9 thoughts on “Aiming to capture the protest vote is an electoral dead end

  1. It seems all parties have a bedrock vote,below which they are unlikely to fall. In 1983 Labour (26%) and in 1997 the Tories (31%) show that even when a party is in free fall there are those who will turnout. Protest voters by definition are not strongly aligned to a party, and therefore likely to be politically volatile.. There’s no quick fix,and as you say simply becoming a repository for protest votes is not a viable long term strategy. How a party turns sympathisers into followers and members is complex,but extending ‘the base’ requires selling values as well as policies. Those who identify with the largest two parties know what values to expect,it’s when they depart from those values that core voters are lost. Of course ‘selling values’ is not easy, especially for small parties who are either denied media access or faced with a hostile reception in the media. However this route is better than gathering the support of those who are here today,gone tomorrow.

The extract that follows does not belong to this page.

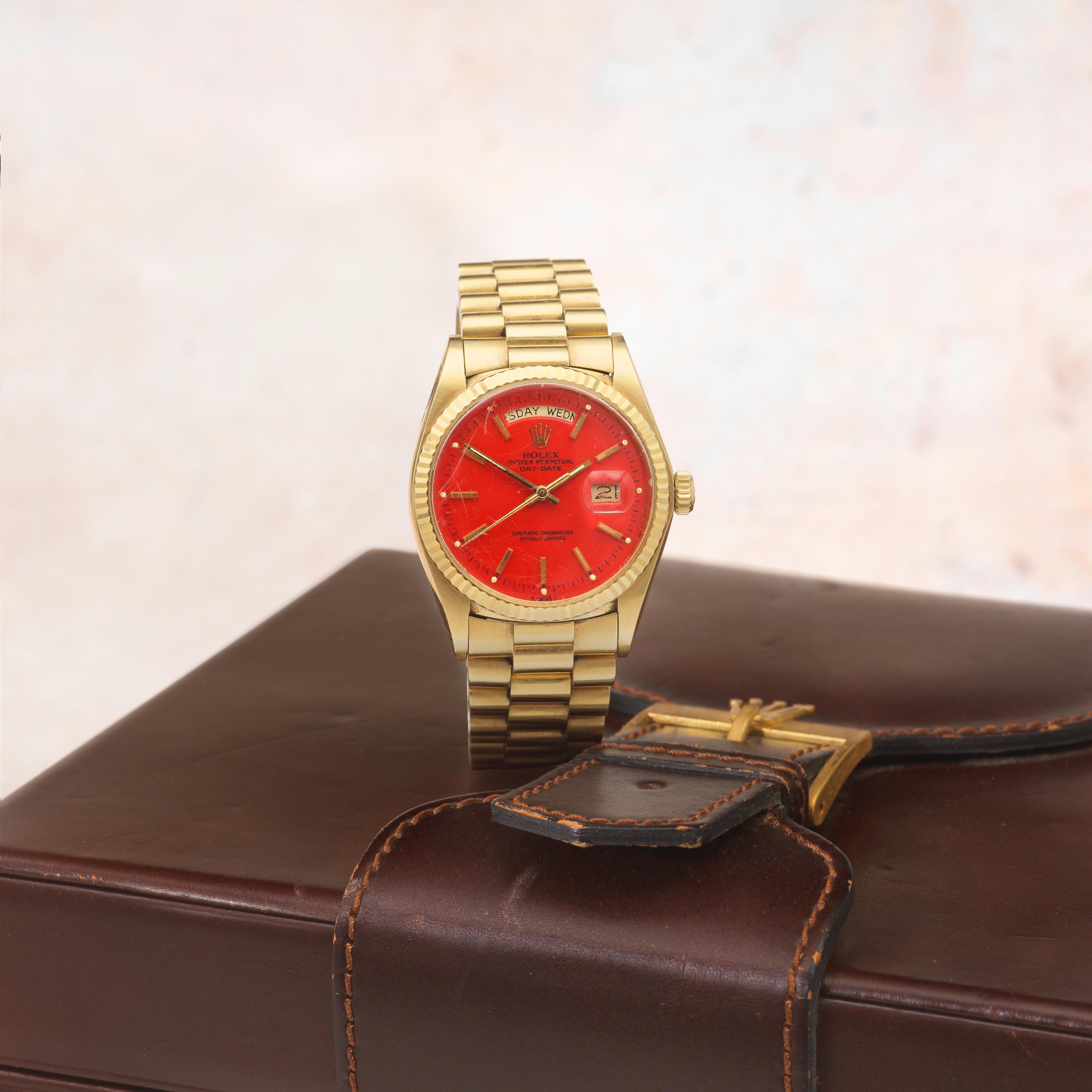 ROLEX A FINE AND RARE 18K GOLD AUTOMATIC CALENDAR BRACELET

    • I think you are spot on Paul. Imparting our values to the electorate is a long process, not likely to be solved in a single blog post. 😉 We seem to agree that nurturing the larger group of ideologically motivated voters is the best way forward, rather than running after a bandwagon and grabbing for disenchanted voters. In sidestepping the hostile or indifferent media, I have been noticing recently that Green activists are becoming increasingly more visible and numerous on social media sites, Twitter especially. Viral messaging using these methods could be explored to break through our policies to a wider range of warmer audiences, especially if our activists could work collectively around key moments.

  2. Hi Stephen,
    would agree with most of what you’ve posted here and see it as vital to move beyond the electoral landscape we have today. Reengaging with the millions of voters other parties have lost since 1997, as well as the younger generation, is vital both to addressing the deficit in democracy we face today and ensuring Green gains aren’t as vulnerable to swings to other parties, as was the effect of the 2010 GE.
    I’m curious what you mean when you refere to the ‘politics of protest’ though. Greens have engaged effectively with groups associated with protest such as UK Uncut, PSC and CoR. To me it is vital that our politics are rooted in action as well as stronger policies. Translating our policies into action outside the electoral arena and working effectively with the broader left is essential in my book and something that we should stay true to.

  3. Appreciate your comments Jack. As someone with quite a passionate commitment and background in community activism, I really agree that we need to build our electoral appeal through dialogue and solidarity with those trying to change public debate through protest and lobbying of decision-makers. By politics of protest, I meant not depending on the quick-win attitude of seeing our opponents struggle on an issue and then telling the electorate what we think we want them to hear, as the Liberal Democrats have been known to do. By taking the easy route of being a safe space for those protest votes, without really wrestling ourselves with the complexities of the political issue at hand, we risk not having the fairest debate with the public and risk departing from our core values and losing longer term support, the point that Paul ably made above. Working with those organisations like UK Uncut who campaign on issues central to our green values is essential for nurturing the next generation of activists and politicians.